What Cameron’s early flouting of the ‘rules’ of photography suggests is a connection between photographer and camera in which the photographer becomes aware of the frailties and limitations of the technology, and the creative potential that these peripheries afford. This awareness stems from a willingness to get inside the camera in some way, to envisage its ‘camera seeing’ as a unique form of agency which has a contribution to make to the final image. In their study Turkle and Papert observe this type of investment into inanimate objects as a form of “reasoning from within” [26, p. 144] which is embodied rather than abstract. Reasoning from within requires a proximal relationship with the objects that we use, rather than a distance which views them as purely functional tools. To acknowledge the camera’s presence in the making of a photograph is to acknowledge it as a collaborator and changes our relationship with it.

Entry to this new way of thinking about technology might be as simple as the first time we encounter something that has gone wrong. Bill Brown observes that we rarely notice the objects that surround us when they are working correctly. In this state they become invisible; we almost see past them, or through them. However, when something goes awry we are forced to reckon with the object as a different order of ‘thing’, an agent that has impacted on us in an unforeseen way. The breakdown or interruption in the flow of expected behavior changes our relationship with the object and redefines it [29].

Error, mistakes, tinkering, and subversion are therefore vital and important aspects of photography as a creative practice. They create gaps in the armor of accepted practice, chinks of light where other possibilities for photography can emerge and be explored. The epistemological pluralism espoused by Turkle and Papert [26] exposes a new way of relating to photographic technology; as an embodied, proximal relationship between two agents, two actors who negotiate in the creation of a photograph.
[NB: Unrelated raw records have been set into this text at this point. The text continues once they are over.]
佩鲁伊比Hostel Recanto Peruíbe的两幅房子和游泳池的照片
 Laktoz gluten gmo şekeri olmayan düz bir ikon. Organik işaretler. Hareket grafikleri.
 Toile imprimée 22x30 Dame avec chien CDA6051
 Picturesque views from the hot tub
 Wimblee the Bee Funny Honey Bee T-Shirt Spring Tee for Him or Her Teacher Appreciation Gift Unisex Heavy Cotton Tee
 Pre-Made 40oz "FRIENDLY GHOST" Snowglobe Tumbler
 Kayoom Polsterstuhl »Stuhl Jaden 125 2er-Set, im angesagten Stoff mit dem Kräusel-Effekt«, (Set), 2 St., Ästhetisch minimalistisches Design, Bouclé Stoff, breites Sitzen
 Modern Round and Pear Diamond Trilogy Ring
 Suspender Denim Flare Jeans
6 Conclusion: Being in Two Minds

The foregoing has suggested some alternative ways to consider the relationship between camera and photographer, and how cultures of practice emerge which reinforce oppositional hierarchies between users and their tools. The power of the accident or the subversion to undermine some of the dominant metaphors that adhere to photography—facsimile, accuracy, perfection—exposes a counter culture of photographic practice which has been explored and exploited by practitioners since the early days of the medium.

To adopt the embodied and proximal methodology of the bricoleur is to be open to a sense of discovery and unfolding in the creative process, a form of confident ‘not-knowing’ from which to begin.

Vilem Flusser observes that “The act of photography is that of ‘phenomenological doubt’.” [2 p. 38]. For Flusser doubt in photography is expressed through the potential multiple viewpoints enabled by the camera and the aspects of the photographic process which are invisible to us. Doubt is woven into the elements of the photographic event in which multiple actants converge at a moment in time and in the hiatus of control and decision-making that is characterized by the accident or the subversion.

The etymology of doubt in ‘doubling’ in the sense of having to choose between two things [30] offers another way of interpreting the not-knowing that we experience in the event of photographing. To doubt is to be in two minds or to assume two positions. The error exposes this doubling as it occurs in practice, as a dance between two epistemological positions: to know and not know, to be in control and to relinquish control, and as a dance between two actors: camera and photographer. To be in two minds is to enter a position which permits a relational flow between machine vision and the embodied photographer, between presence and program, in which the merging of both exceeds the power of either.